In 1945, Dino Buzzati wrote and illustrated The Bears’ Famous Invasion of Sicily. It was a children’s book. Yet like The Little Prince, by Saint-Exupéry, it makes for thoughtful adult reading. Buzzati’s work will soon become a feature film, quite belatedly.

Buzzati’s book was almost an afterthought. He wrote it to entertain his nephews and had forgotten about it, when in 1947 Italian newspaper Corriere della Sera asked him if he had any material for a kids’ supplement. That’s how he submitted it. What was only for family consumption became available for a universal readership.

The plot is simple. Bears are starving on the mountains, so they descend into the city in search for food. They also want to rescue the son of Leonzio, their king. After putting a brave fight and a thousand adventures, they beat back the soldiers of the evil Grand Duke.

In the process, however, the comforts and vices of men rub off on the bears, corrupting them. Worried, King Leonzio tells the bears: “Go back to the mountains. Leave this city where you have found wealth, but not peace of mind. Take off those ridiculous clothes. Throw away the gold. Throw away the cannons, rifles, and all the devilish things that men have taught you.

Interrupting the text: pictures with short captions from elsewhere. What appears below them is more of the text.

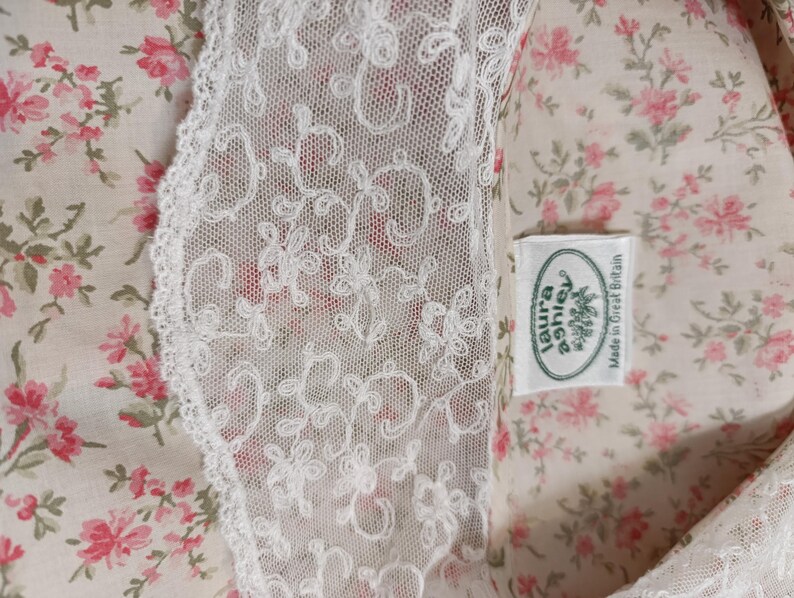 K&ouml;nnte beinhalten: Nahaufnahme eines floralen Stoffes mit wei&szlig;er Spitzenborte. Der Stoff hat ein Muster aus kleinen rosa Blumen und gr&uuml;nen Bl&auml;ttern auf cremefarbenem Hintergrund. Ein Etikett lautet "laura ashley Made in Great Britain."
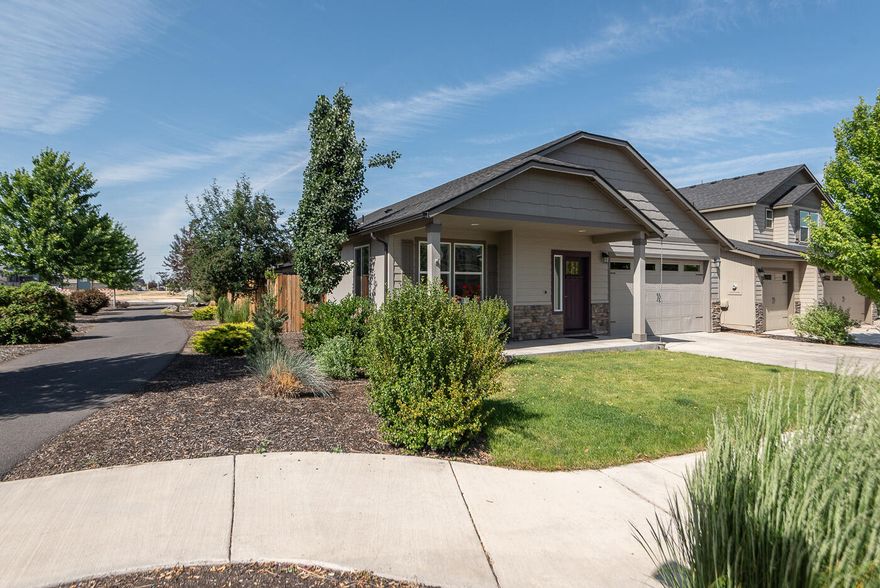 Fantastic SW Redmond location on a very private corner lot with a covered front porch, and covered back patio adjoining the firepit area.   This oasis has a common space as a back yard neighbor, which means privacy!  This home lives large and spacious, full of light and high ceilings. It is new enough to bring peace of mind with low cost of ownership and very low maintenance. Great entertaining kitchen looks out onto the patio and is open to the dining and living room.  The Office/Bedroom also has incredibly functional lighting and storage for those hobbies. Functional storage was added to the kitchen and main suite as well. Community trails surround the property and the new Parks and Rec community center is nearby. Close to Bend, close to the Redmond airport! Come see this well-maintained, lovely home with your favorite realtor today!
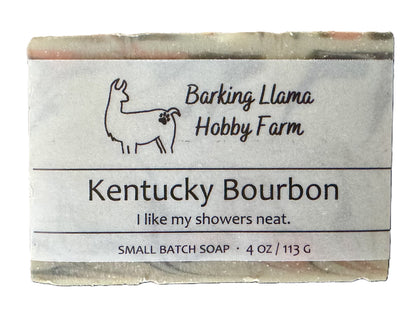 Bar of soap scented in Kentucky Bourbon fragrance. The soap is gray, white, red, and black. It is labeled with the Barking Llama Hobbby Farm logo.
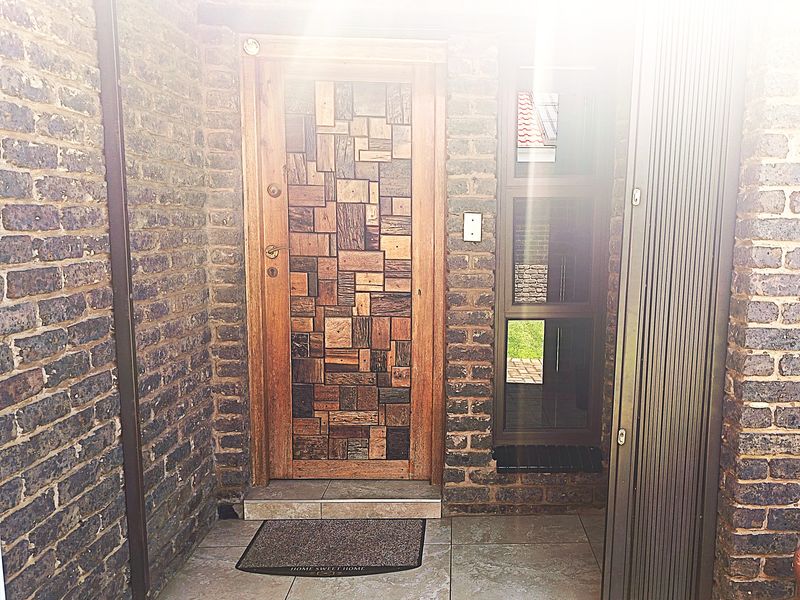 A welcoming entrance featuring a unique custom timber mosaic front door, set within durable face brick walls and complemented by tiled flooring.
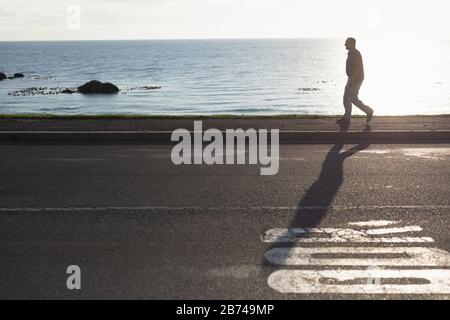 Senior man walking on seaside Stock Photo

Go back to what you were before.”

If that sounds familiar, it’s because it resembles a plainer summary than Orwell’s Animal Farm of what was wrong with mankind in the first half of the 20th century. Other things were also eerily predictive. Only three years ago, your correspondent saw an army of hungry bears descending over a garbage dump to scavenge for food.

It’s remarkable that after so much pain and loss in the Second World War, Buzzati was farsighted about men destroying more than other men (by the millions, as it happened). They were destroying the Earth.

“The more the dominion of man spreads over the virgin land, the more his possibilities of salvation diminish, and, at some point, he will become prisoner of himself, they will barely able to breathe and for a corner of authentic forest he will be willing to give away all its evil cities, but it will be too late, the ancient forests will no longer have a leaflet left.”